One can do other kind of math computations and see that the i7 has an overclocking efficiency of 91% whereas the FX has an efficiency of 95%. The difference is minimal. It can mean i7 bottleneck, or that the PD design is optimized for higher frequencies, or be a mere statistical effect.
 
I talked to a tech and friend from ASUS and he told me that in Q4 2013 the successor to 990fx will be released. It only is logical that there will be a new cpu released at the same time. He also said that he thinks that there will be a new socket, so bye bye AM3+.

I think that AMD will release an 8 or possibly 10 core apu to replace the FX line.
Whatever happens next, you can be sure that it will be big, with AMD having Microsoft and Sony pouring cash in to them. AMD now has parts in all 3 major gaming consoles!
 
^^ heh. there's a different way to 'read' into this. may be the 990fx successor is a88x. may be the new socket is fm2+. may be the new cpu(!) to be released is kaveri. the asus rep. will still be right. :ange:

IF there is indeed a new AM-class socket, current am3+ owners will be screwed. fx cpu owners(with low end am3+ mobos) might not be, though, if amd allows am3+ cpus run on the new socket. for example, upgrade from an fx6300+asus 760g am3+ combo to fx6300+new socket. otoh, if you have a high end 990fx am3+ mobo.... 😗

"AMD to Unveil Next-Generation APUs on November 11"
http://www.techpowerup.com/193616/amd-to-unveil-next-generation-apus-on-november-11.html

edit: i am having trouble reading the last post in the page. when i try to open it for the first time, i keep getting redirected to the first page. the stats page says that this thread has nearly 9000 answers and 179 pages, may be it's near it's limit?
 


My bet is in a 8-core APU {*} as said before.
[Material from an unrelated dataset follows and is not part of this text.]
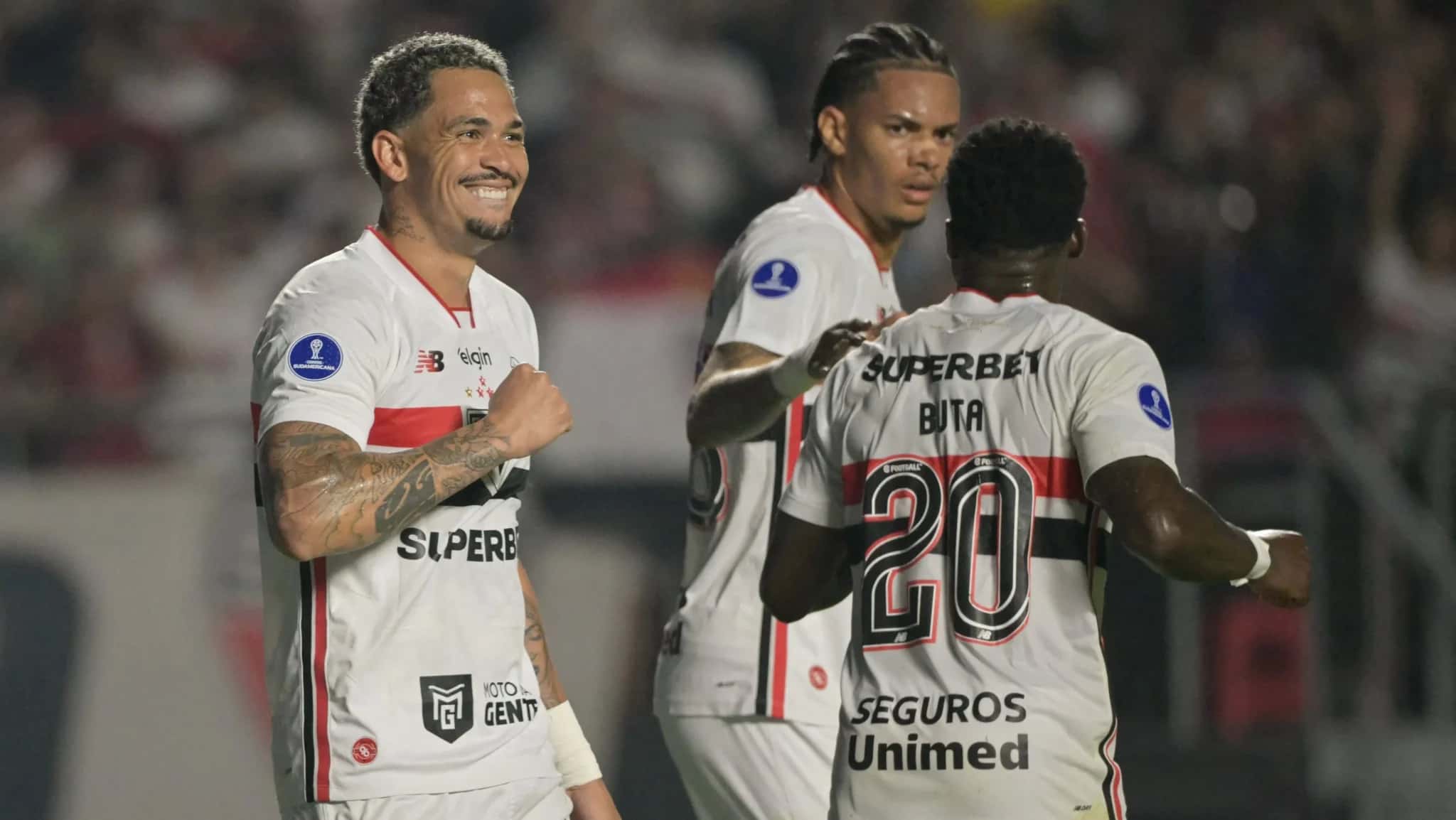 Luciano abriu o placar para o São Paulo contra o Bolívar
I see no reason for 10 cores, because extra cores would remain unused for games, which has been AMD main problem with last gen games.

They could combine two of those APU for a top high-end 16-core APU for servers/HPC.

However, I see no sign this is going to happen soon. And leaked details that Carrizo will be ~65W eliminates any possibility for a 8-core version, in my opinion.

{*} With a CPU variant a la Athlon, i.e. APU with iGPU disabled.
 
Well, we know Kaveri APUs will be named A10-7x00 and that will be accompanied by Athlons (as predicted)

http://www.planet3dnow.de/cms/5096-fm2-offiziell-nur-mit-neuen-chipsaetzen-moeglich/

Pay attention to the slideshow at the end of the page. There is a very very interesting slide #13 that, in my opinion, reveals which are AMD plans regarding the old FX-line. WARNING: Sensible HEDT enthusiasts better not to look at it.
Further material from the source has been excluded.